News Release

The failing freezer: How soil microbes affect global climate

With a $3.9 million grant from the U.S. Department of Energy, a UA-led international collaboration studies how microbes release greenhouse gases as they gain access to nutrients in the soil thawing under the influence of warmer global temperatures

Grant and Award Announcement

University of Arizona

Study Site

image: This is the study site, Stordalen Mire in Abisko National Park in Sweden, just north of the Arctic Circle. view more 

Credit: Scott Saleska

The U.S. Department of Energy has awarded $3.9 million to an international collaboration led by University of Arizona ecologists Scott Saleska and Virginia Rich to study how microbes release greenhouse gases as they access nutrients in thawing permafrost soils under the influence of a warmer climate.

The project aims to explain how microbe-driven processes influence climate change, and in what ways climate-driven changes, such as changes in soil chemistry and changes in plant communities, feed back on those microbial processes. The team hopes the results will help solve what Saleska, a professor in the UA Department of Ecology and Evolutionary Biology, calls the "big biology problem" in climate change.

"Even if we know how much fossil fuel is burned, we don't know how much climate is actually going to change because we don't know how biology as a whole – animals, plants, microbes – will respond," he said. "How do microbial processes affect the environment? These relationships still are mostly a black box."

One third of the world's carbon is locked away in permafrost soils around the world – areas where the ground stays frozen year-round. In many areas, though, warmer temperatures have started to change things; soils that used to be frozen year-round have begun to thaw during certain times of the year while others experience longer seasonal thawing or thaw down to deeper depths than they used to.
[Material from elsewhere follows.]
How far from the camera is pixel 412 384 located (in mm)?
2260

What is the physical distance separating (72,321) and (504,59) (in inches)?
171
"As the system warms, we see the seasonal thaw go deeper and deeper, and eventually, everything thaws at some point over the year and the permafrost is going away," Saleska explained. "This is already happening and if we don't take steps to avoid climate change, we expect this type of ecosystem to be gone within the next 100 to 200 years."

This peat permafrost region is a sentinel ecosystem of global change, according to Rich, who is a faculty member in the UA Department of Soil, Water and Environmental Science and, together with Saleska, an affiliate of the UA Institute of the Environment.

"This habitat literally is at the leading edge of climate change, because we can observe how it is being pushed northwards," Rich said. "We can see changes with our own eyes and within a matter of years. Because they happen so quickly there, our science has immediate payoff and very real implications that apply on a global scale."

As the soils thaw, massive stockpiles of organic material become available to microbes, which metabolize the nutrients and release carbon dioxide and methane. Both are greenhouse gases, with methane being 25 times as powerful at trapping heat in the atmosphere as carbon dioxide, Saleska explained. He likened the carbon in frozen soils to food stockpiled in a freezer.

"For microbes, that carbon is the food, and as the freezer fails, it becomes a microbial feast which ends up releasing a lot of that carbon to the atmosphere," said Saleska, whose group has been studying interactions between ecosystems and climate in all major climate zones of the Earth – tropical, temperate and polar. "The big question is, how much carbon is released as the freezer fails and how much worse does it make climate change? We're looking at the complete end-to-end process of carbon release, and specifically, how much is released as carbon dioxide and how much as methane."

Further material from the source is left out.